When we got to the Castle grounds our Tour guide Alan took us to the information centre and we picked up our tickets. The tickets included access to Malahide castle and its garden.

The Secret Walled Garden

The Secret Walled Garden showcases rare plants from around the world in seven greenhouses and a Victorian conservatory. Lord MiloTalbot (previous owner, more detail later)  was an enthusiastic plant collector who brought specimens from around the world to create the gardens. In all, there are more than 5000 different species and varieties of plants.

The greenhouses were covered with beautifully coloured flowers that hung from vines along the edges. It made me feel like I had left Ireland and was transported to somewhere tropica and they were heated which was a bonus on a cold winter day.

After we had our fill of exploring the gardens we met back with Alan who brought us to the entrance of the castle.

The castle dates back to the 12th century and was the home to the Talbot family for 791 years, from 1185 until 1976. The only period it fell out of the hands of the Talbots was between 1649–60 when Oliver Cromwell granted it to Miles Corbet after the Cromwellian conquest of Ireland. Corbet was hanged following the demise of Cromwell, and the castle was restored to the Talbots. In 1975, Rose Talbot sold the castle to the Irish State. It’s pretty amazing that the Talbot family managed to keep the castle in their family for such a long time.

Every castle has its ghost stories and Malahide is no exception. There are mentions of at least five ghosts at Malahide, including Lady Maud Plunkett who is buried in the graveyard near the castle.

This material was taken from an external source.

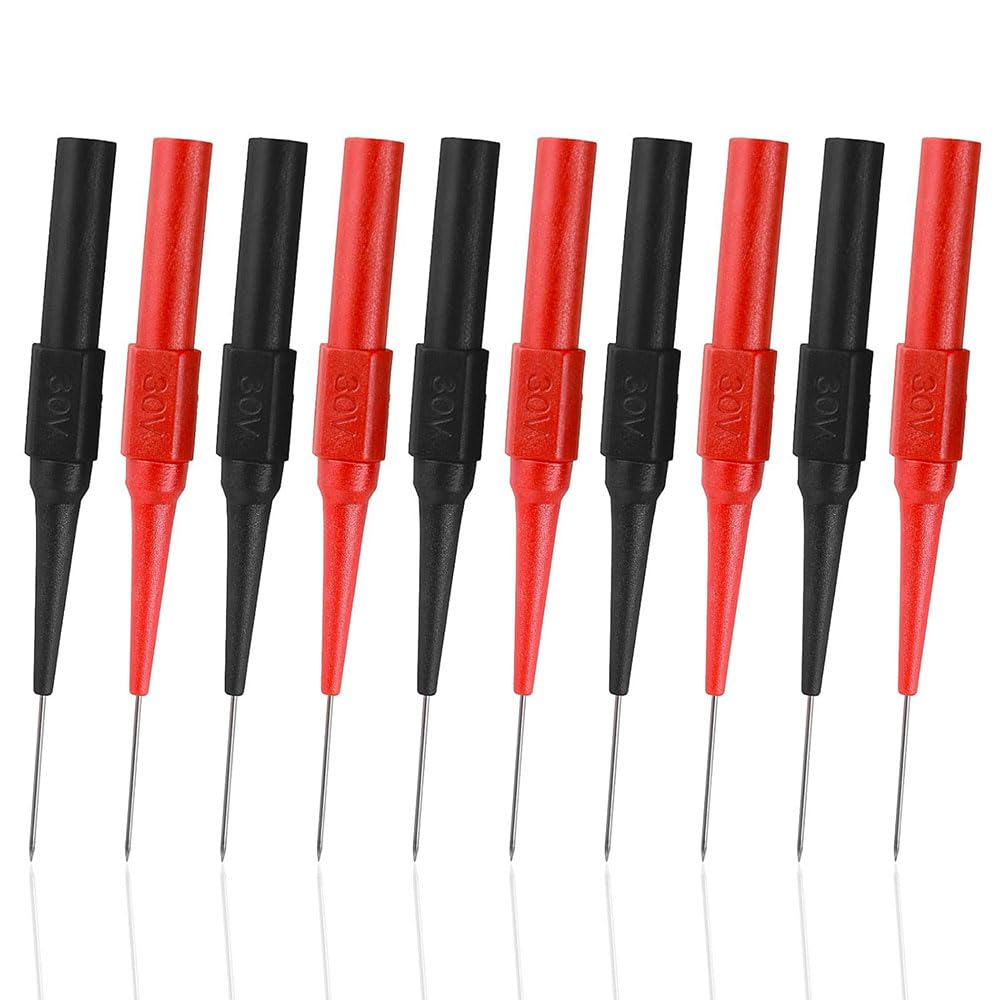 Multimeter Probes Kit,10 Pcs Needle Test Probes with 0.7Mm Insulation Pins, Non Destructive Wire Piercing for Automotive and Electronics Durable Multimeter Probe Set (Safe and Precise) image number 1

The one I found the creepiest was The White Lady. The story goes that for many years, a painting of a beautiful mysterious lady, wearing a long flowing white dress, hung in the Great Hall of the Castle. Nobody knew who she was or the identity of the artist. It had been recorded that from time to time she would leave her painting and wander the castle in the dead of night. A number of people, over a period of many years, have reported seeing her. I do love a ghost story but if I saw a ghost walking about all casual I think I would probably freak out.

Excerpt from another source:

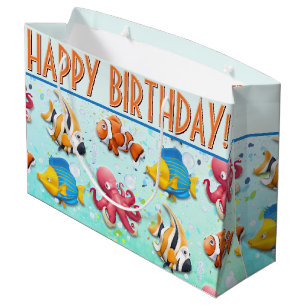 Colourful Fish Kids Birthday Large Gift Bag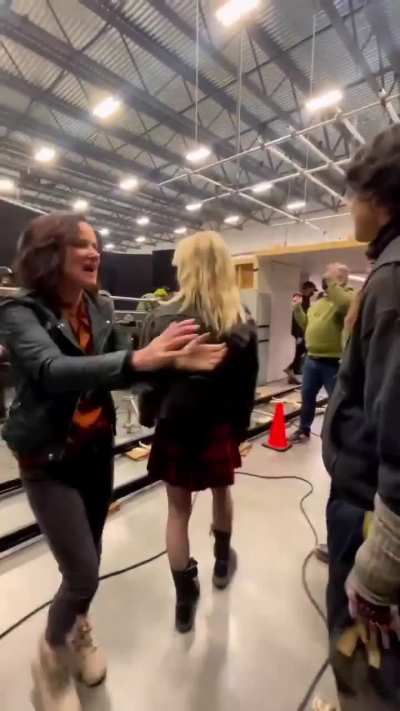 Sophie on the set of Yellowjackets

Interesting fact! The Talbot family were also known to be connected the famous author and diarist James Boswell, and a unique collection of his papers were discovered inside the castle in the 1920s.

The graveyard of Malahide Abbey is located beside Malahide Castle. The Talbot’s are not buried in this graveyard. You would think that they would have wanted to be buried there as it has been their home for generations.

The next stop wasn’t exactly on the tour itinerary but our tour guide stopped off anyway so we could view the award-winning tree sculptor Tommy Craggs piece made out of a sick Monterey cypress at St. Anne’s Park. The Dublin City Council enlisted Craggs to create a wood feature based on the nature reserve of Bull Island.

Last stop on the tour was Howth. The name “Howth” is thought to be of Norse origin.  Norse Vikings colonised the eastern shores of Ireland and built the settlement of Dublin as a strategic base between Scandinavia and the Mediterranean. After Brian Ború, the High King of Ireland, defeated the Norse in 1014, many Norse fled to Howth to regroup and remained there until their final defeat in Fingal in the middle of the 11th century.  Ireland’s Eye (an island) is part of the Special Area of Conservation and lies about a kilometre north of Howth Harbour. It has a  Martello tower with another tower overlooking Howth harbour. These are part of a series of towers built around the coast of Ireland during the 19th century.

Seen this guy pop his out of the water – no idea what he is eating do you?

Looks like it has suction cups. Can it possibly be an octopus? Any guesses ???

The lighthouse below is called the “The Baily”. It lies on the southeastern part of Howth Head and is maintained by the Commissioners of Irish Lights.

Here endeth the tour. Overall it was a really interesting tour. Ireland has so much history it is hard to decide what to see and do while visiting. This tour was a great day tour if you want to see some of the coastline and see a historically significant Irish Castle. I didn’t know anything about the Talbots before I went so to walk through their lives but I am glad I now know the history surrounding their home.

Have you visited Ireland or would you like to one day?